_Stored data_.
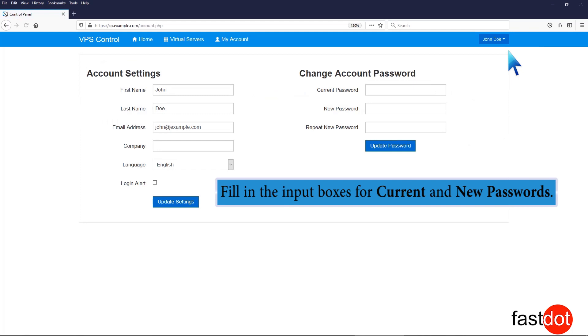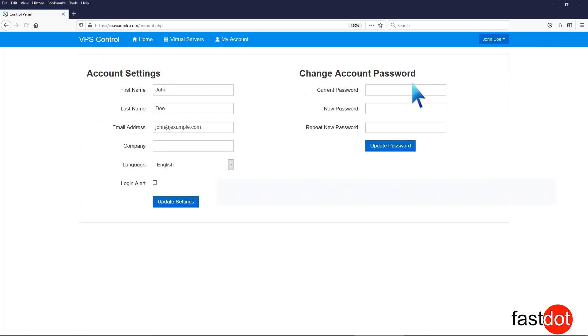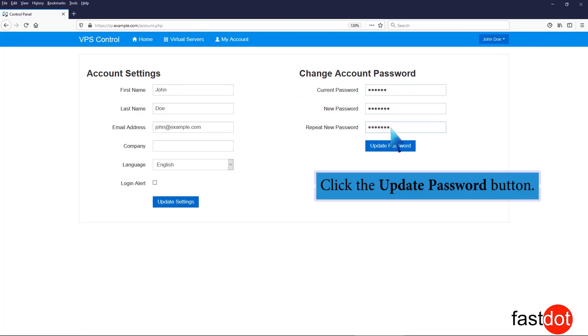Fill in the input boxes for current and new passwords, then click the Update Password button.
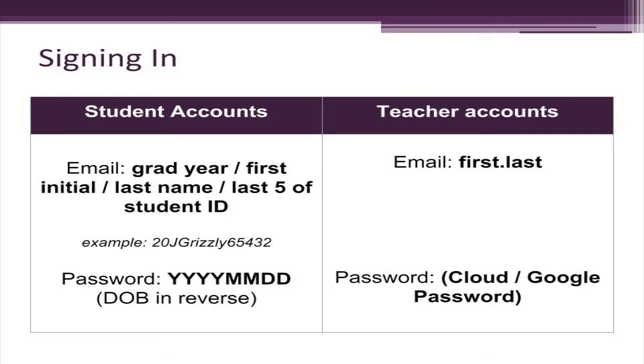Students in SMUSD sign into Chromebooks with their Google usernames, which are grad year, first initial, last name, and last five digits of the student ID number. Their password is their date of birth in reverse: year, year, year, year, month, month, day, day.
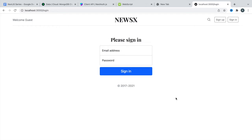Hey friends, welcome back. We are going to continue our Next.js project series. So far we have achieved a lot — we created this project, we can create an account, we have authentication, and we have protected our routes. In this video we are going to add some fixes to this project. Let me show you what the problem is right now.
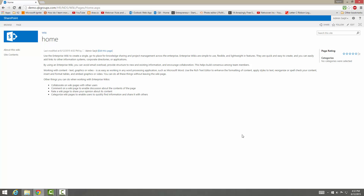You can have discussions on the wiki page, and you can even rate wiki pages. You can see here we have page ratings and categories, which allow you to find information when you have a lot of wiki pages. You can use categories to find what you're looking for — similar to how a real wiki page works.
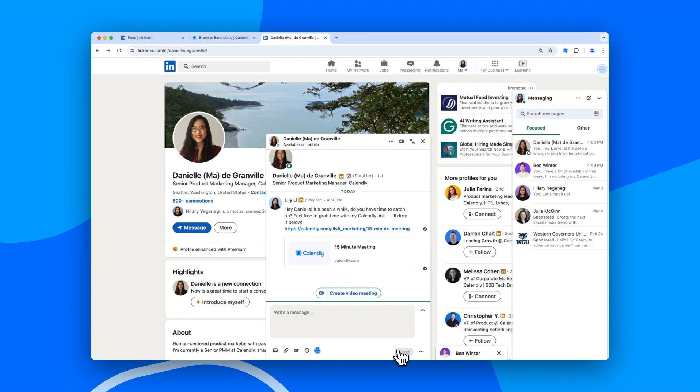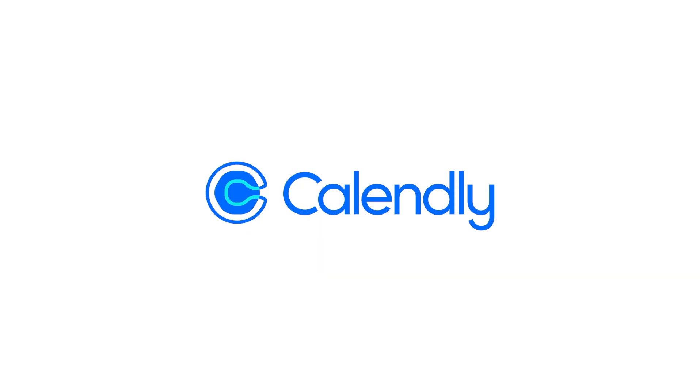This also works in LinkedIn Recruiter and Sales Navigator, so scheduling with candidates and prospects is instant. Less back-and-forth, more booked meetings. Calendly makes LinkedIn work for you.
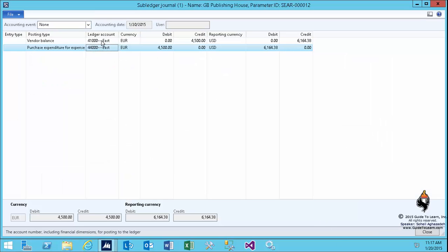You had three lines before, now you have two, because everything is balanced—you do have an account associated with your purchase expenditure for expense.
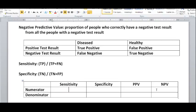So sensitivity, for example — first of all, you should know that all these terms are actually fractions, so we have a numerator over a denominator. Sensitivity is the number of people who are actually diseased and correctly classified as diseased — meaning they have a positive test result and it's correct because they actually are diseased — over all the people who actually have the disease, regardless of whether the test result is positive or falsely negative. So it's true positive over true positive plus false negative.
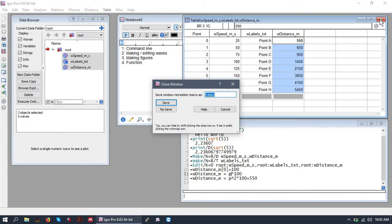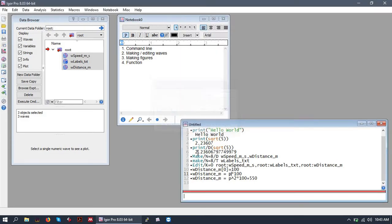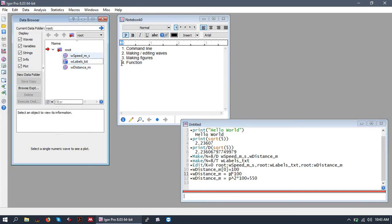Alright so that's basically how you can make and edit waves very simply. Let's close our table and when we close our table it asks us if we would like to save it.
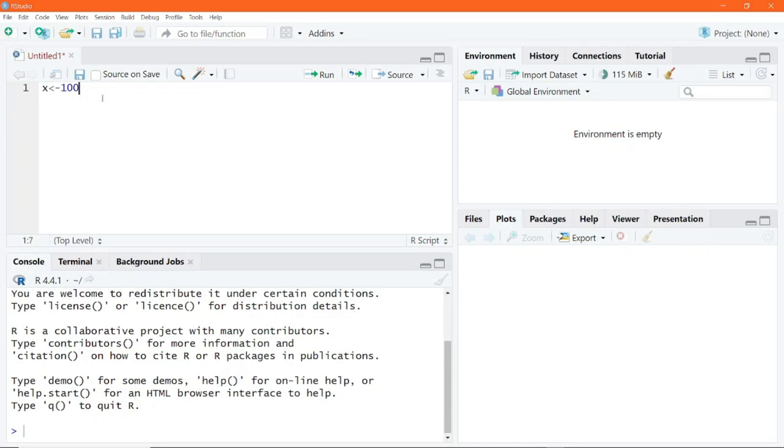So I will press enter to go to the next line and assign, for example, the value 45 to y. And I can do the same thing using the equal sign operator.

_What you will do_.
What is needed is an exact copy of the lines from the beginning of the data through the line containing "You had three", both included, without any pictures.

_Output below_.
Fill in the input boxes for current and new passwords, then click the Update Password button.
Students in SMUSD sign into Chromebooks with their Google usernames, which are grad year, first initial, last name, and last five digits of the student ID number. Their password is their date of birth in reverse: year, year, year, year, month, month, day, day.
Hey friends, welcome back. We are going to continue our Next.js project series. So far we have achieved a lot — we created this project, we can create an account, we have authentication, and we have protected our routes. In this video we are going to add some fixes to this project. Let me show you what the problem is right now.
You can have discussions on the wiki page, and you can even rate wiki pages. You can see here we have page ratings and categories, which allow you to find information when you have a lot of wiki pages. You can use categories to find what you're looking for — similar to how a real wiki page works.
This also works in LinkedIn Recruiter and Sales Navigator, so scheduling with candidates and prospects is instant. Less back-and-forth, more booked meetings. Calendly makes LinkedIn work for you.
You had three lines before, now you have two, because everything is balanced—you do have an account associated with your purchase expenditure for expense.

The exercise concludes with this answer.